DIRECTIONS => With the pictures omitted, set down exactly the lines from the one that contains "luxury room, 1" through the last line of the data.

EXERCISE MATERIALS =>
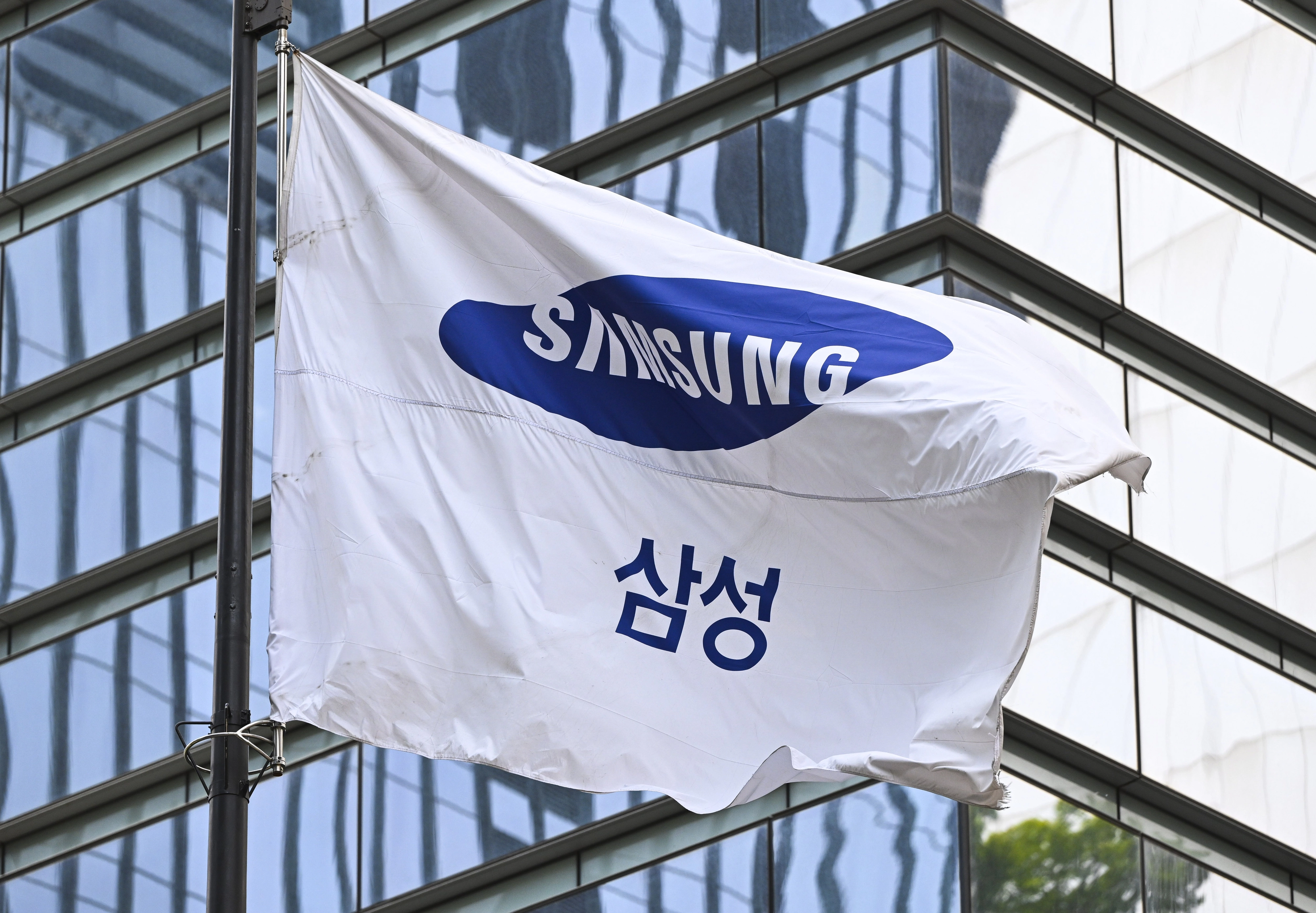 삼성전자 노사가 12일 정부의 중재 하에 마지막 사후조정에 들어갔다. 사진은 이날 서울 서초구 삼성전자 서초사옥의 모습. 2026.5.12 이지훈 기자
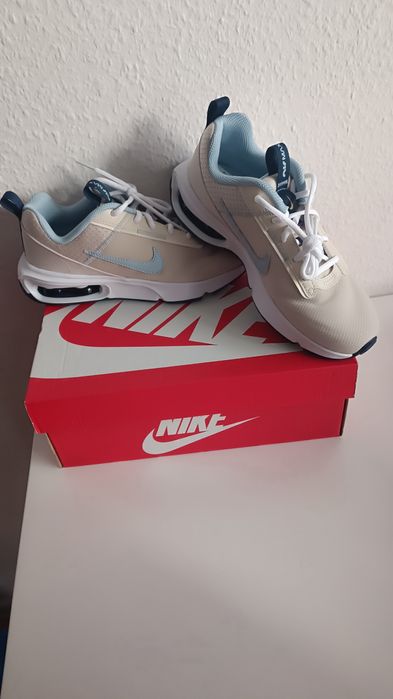 Женские кросовки NIKE Air Max Intrlk Lite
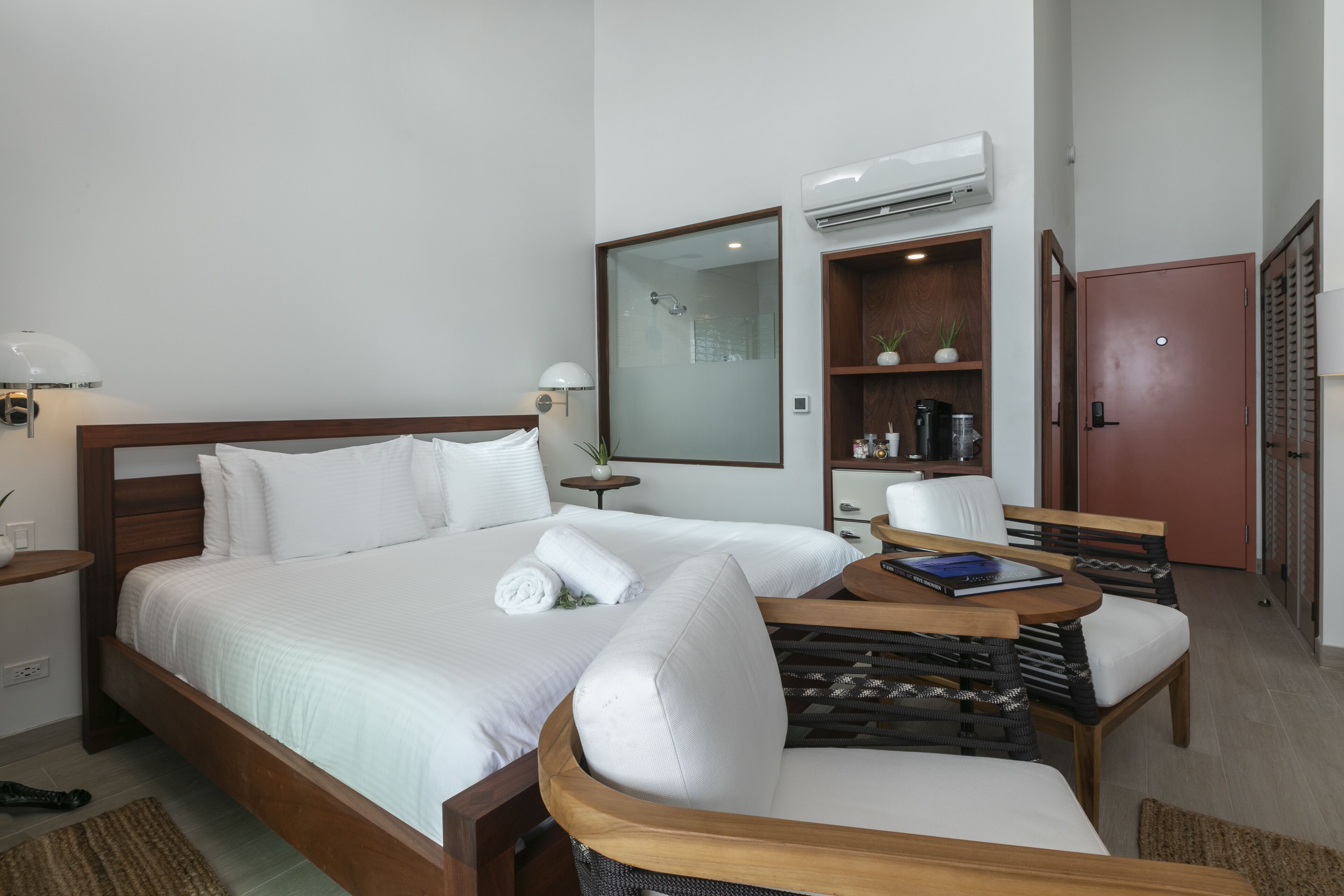 luxury room, 1 king bed, ocean view | 1 bedroom, premium bedding, down duvets, tempur-pedic beds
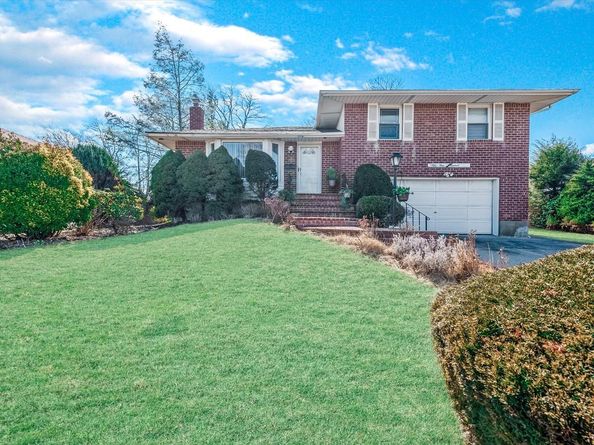 100 Robbins Lane, Jericho NY 11753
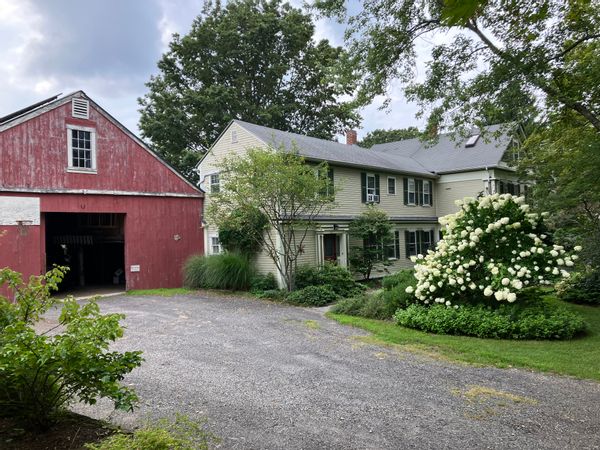 La maison de David & Lisa New England Home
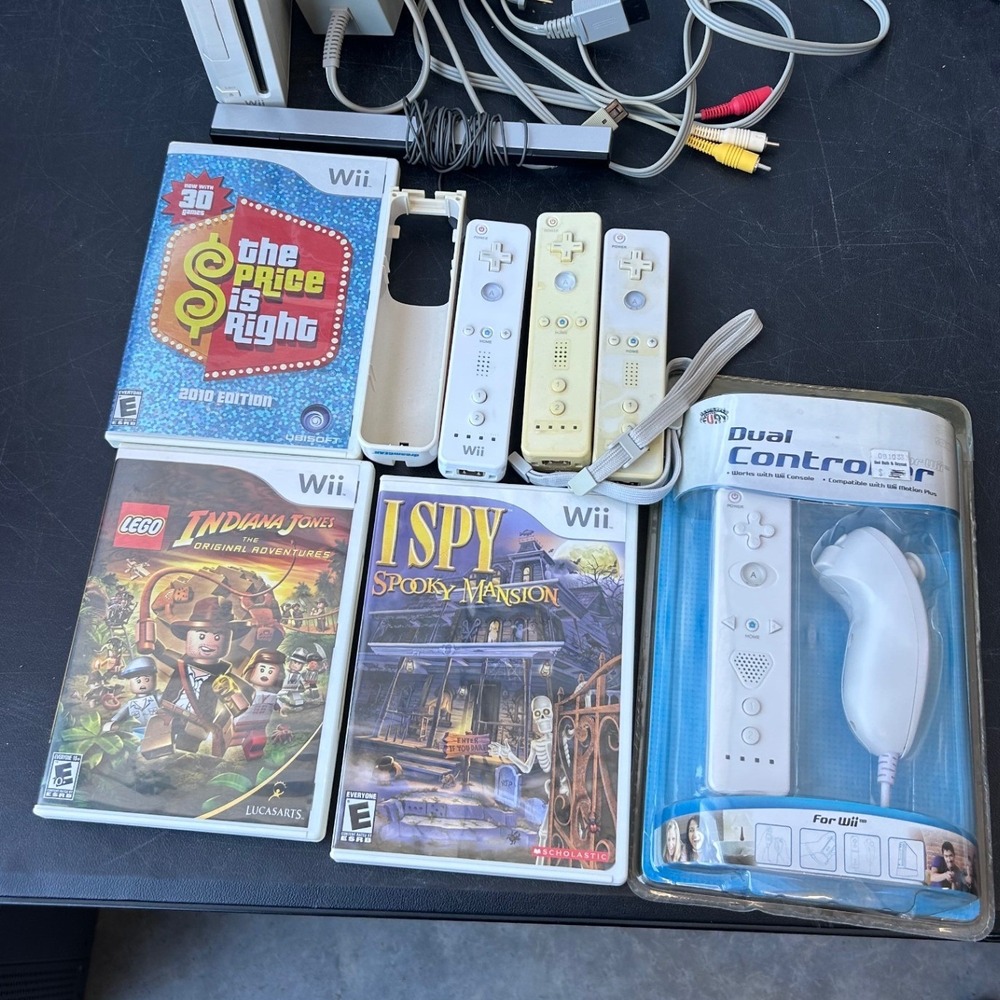 Nintendo Wii RVL-001 Console Bundle 3 Games 4 Remotes LEGO Indiana Jones I Spy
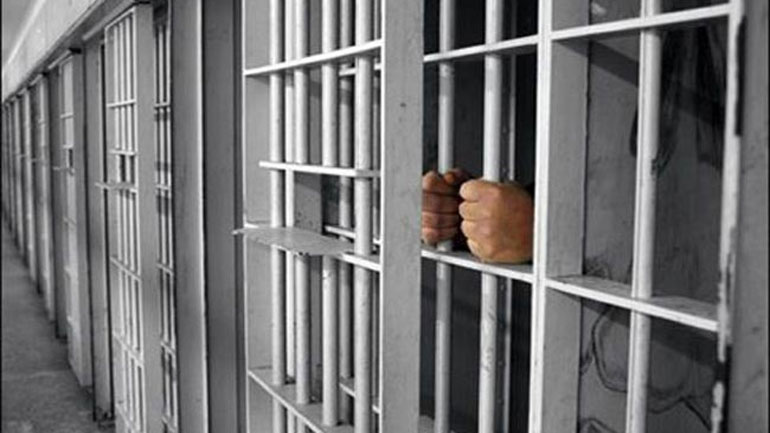 Στη φυλακή φυγόποινος με καταδίκες και ένταλμα σύλληψης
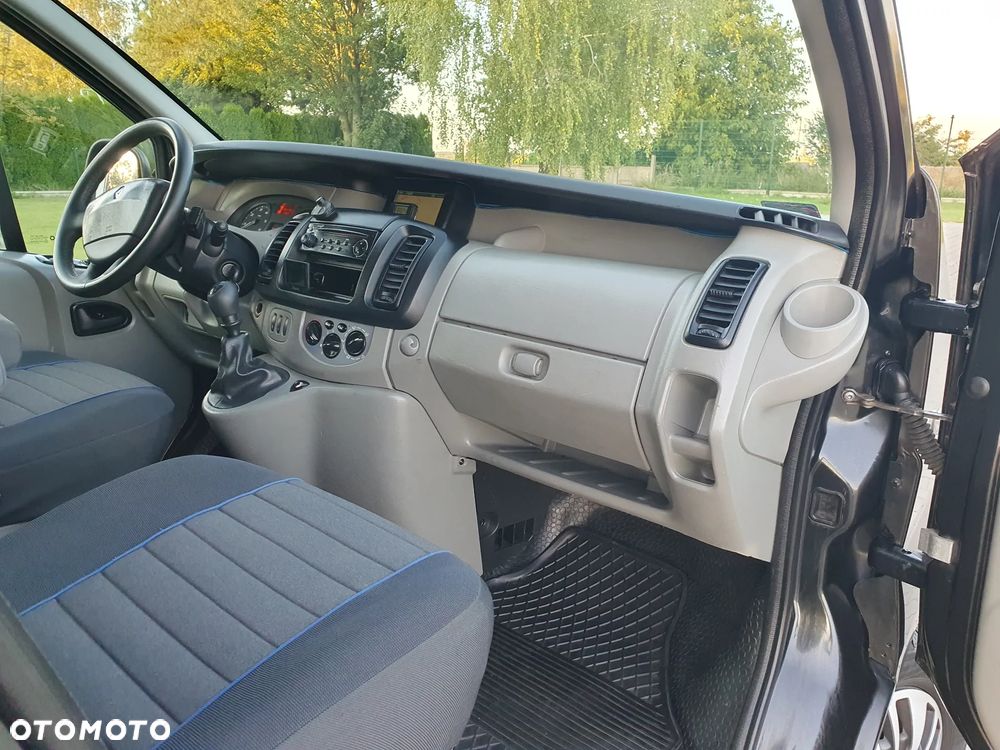 Renault TRAFIC - 13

SOLVED EXERCISE =>
 luxury room, 1 king bed, ocean view | 1 bedroom, premium bedding, down duvets, tempur-pedic beds
 100 Robbins Lane, Jericho NY 11753
 La maison de David & Lisa New England Home
 Nintendo Wii RVL-001 Console Bundle 3 Games 4 Remotes LEGO Indiana Jones I Spy
 Στη φυλακή φυγόποινος με καταδίκες και ένταλμα σύλληψης
 Renault TRAFIC - 13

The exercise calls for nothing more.